You're going to see the day where people don't ship items, they send the code and it prints out the item at the other location. This is not science fiction, it's within 5 years of being a reality.

Imagine no big rig trucks, no going to stores with stuff on the shelf, no warehousing of unwanted, excess, items for future demand. Huge energy savings, major cost savings, major loss of real estate values, major unemployment. People are quickly becoming obsolete.

And when you tie this production capablity to artificial intelligence you have self repairing and reproducing machines. Who needs zombies. The third world will be unable to compete with the learning curve for these technologies (as will most of the rest of the world) leaving huge pools of unemployable bodies with no hope of improving their lifestyle.
 
Carbon and graphite can be used like plastic to make items commonly done in metals for much less weight and faster. It's not going to be 20 years, and it's going to be mass production.

You're going to see the day where people don't ship items, they send the code and it prints out the item at the other location. This is not science fiction, it's within 5 years of being a reality.

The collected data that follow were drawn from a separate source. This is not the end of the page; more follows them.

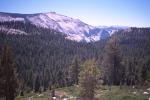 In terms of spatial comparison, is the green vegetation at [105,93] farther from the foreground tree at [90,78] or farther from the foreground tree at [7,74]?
the foreground tree at [7,74]

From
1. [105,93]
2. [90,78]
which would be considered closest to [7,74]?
[90,78]

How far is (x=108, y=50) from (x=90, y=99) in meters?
24.0

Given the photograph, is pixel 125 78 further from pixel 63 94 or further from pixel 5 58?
pixel 5 58

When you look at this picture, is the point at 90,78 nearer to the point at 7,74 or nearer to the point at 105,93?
the point at 105,93

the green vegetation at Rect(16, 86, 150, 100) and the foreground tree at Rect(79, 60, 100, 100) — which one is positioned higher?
the foreground tree at Rect(79, 60, 100, 100)

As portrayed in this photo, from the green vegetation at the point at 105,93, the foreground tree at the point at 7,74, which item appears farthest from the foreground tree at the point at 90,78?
the foreground tree at the point at 7,74

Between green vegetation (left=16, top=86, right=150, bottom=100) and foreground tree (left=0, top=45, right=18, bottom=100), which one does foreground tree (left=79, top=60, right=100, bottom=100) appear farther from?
foreground tree (left=0, top=45, right=18, bottom=100)

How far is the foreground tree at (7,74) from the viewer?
117ft

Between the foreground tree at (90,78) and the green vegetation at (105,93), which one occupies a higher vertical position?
the foreground tree at (90,78)

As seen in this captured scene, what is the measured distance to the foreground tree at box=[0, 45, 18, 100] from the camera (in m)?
35.6

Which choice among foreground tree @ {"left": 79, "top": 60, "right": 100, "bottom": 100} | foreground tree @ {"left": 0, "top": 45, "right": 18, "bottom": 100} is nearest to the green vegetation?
foreground tree @ {"left": 79, "top": 60, "right": 100, "bottom": 100}

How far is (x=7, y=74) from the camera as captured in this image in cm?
3578

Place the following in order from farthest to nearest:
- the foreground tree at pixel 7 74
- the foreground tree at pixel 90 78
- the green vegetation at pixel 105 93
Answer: the green vegetation at pixel 105 93 → the foreground tree at pixel 90 78 → the foreground tree at pixel 7 74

Imagine no big rig trucks, no going to stores with stuff on the shelf, no warehousing of unwanted, excess, items for future demand. Huge energy savings, major cost savings, major loss of real estate values, major unemployment. People are quickly becoming obsolete.

And when you tie this production capablity to artificial intelligence you have self repairing and reproducing machines. Who needs zombies. The third world will be unable to compete with the learning curve for these technologies (as will most of the rest of the world) leaving huge pools of unemployable bodies with no hope of improving their lifestyle.

It would be great to explore other materials, that's a possibility. Not shipping items and making them at home isn't mass production, though. It's bringing the production to the masses. It might be like the early days of PC's when desktop publishing and so much more became possible for everybody. It's hard to see what this next revolution, if it does turn out to be one, will go though. I never would have envisioned the social networking of today when Pc's were new.

When I was a kid we thought that we would have flying cars by now but science fiction had computers the size of desks.

This 3d printing is just another result of cheap processing power actually.

3d printing is just CNC machining (in reverse). A little nozzle squirts plastic like a tiny glue gun and builds it up using numbers in X,Y, and Z, using the same files which CAM systems have used for machining for years. Who'da thought these technologies would come to this? We don't know where it will end up. It will be interesting.

I still think we're going to remove material to make stuff when we're making a lot of it for a while. But there are many exciting things about this technology, the biggest of which is it being cheap enough for everyone to have one. The prototyping done right now is huge also.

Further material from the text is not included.